Legalização vs. Demolição: Análise económica da tomada de decisão
- Ana Carolina Santos

- 3 de out.
- 6 min de leitura
A decisão entre legalizar ou demolir construções irregulares representa uma das questões mais complexas no panorama urbanístico português. Esta escolha, longe de ser meramente técnica, envolve uma análise económica rigorosa que pode determinar o futuro de um património edificado e o destino financeiro dos proprietários. Com base nos instrumentos normativos disponíveis, nomeadamente a Portaria n.º 243/84 e o regime jurídico vigente, importa compreender os fatores que devem orientar esta tomada de decisão crítica.

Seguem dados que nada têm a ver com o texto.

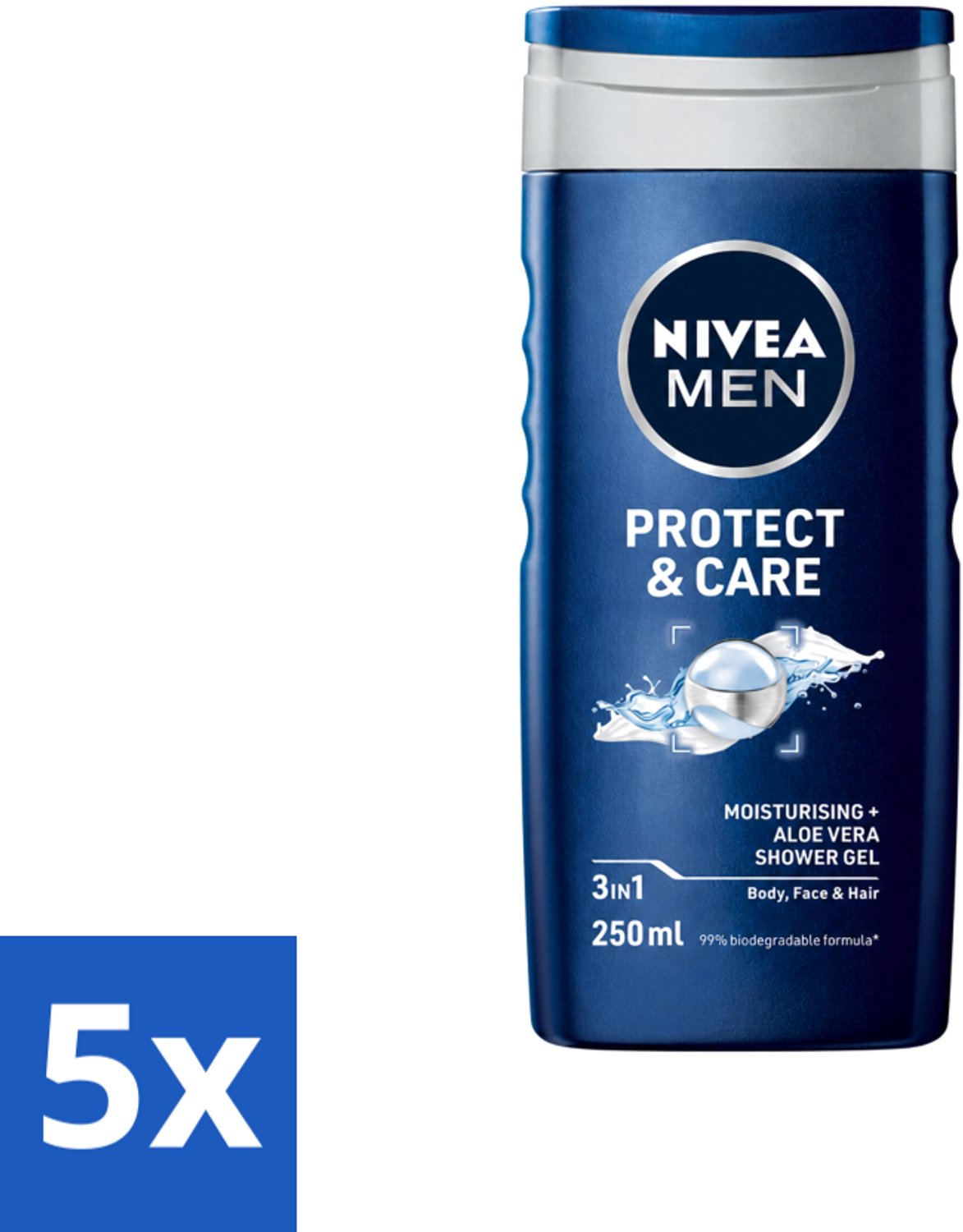 5 x Nivea - Men - Douchegel - Protect & Care - Met Aloe Vera 250 ml - Voordeelverpakking - 5 stuks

A legislação portuguesa estabelece que a demolição constitui sempre uma medida de última ratio, devendo a administração municipal avaliar previamente a viabilidade de legalização antes de ordenar a destruição de qualquer construção. Esta abordagem reflete o princípio da proporcionalidade, que exige o menor sacrifício possível aos particulares na reposição da legalidade urbanística.

Quadro normativo da Legalização
Fundamentos da Portaria n.º 243/84
A Portaria n.º 243/84 surgiu como resposta prática ao reconhecimento de que "a maioria das construções clandestinas dificilmente se enquadra nos mínimos técnicos considerados no RGEU". Este diploma reconhece a necessidade de "ter em conta os vultosíssimos investimentos necessários para harmonizar as construções existentes com as exigências do RGEU ou, em face de tal impossibilidade, as pesadíssimas implicações económico-sociais da operação de demolição em larga escala".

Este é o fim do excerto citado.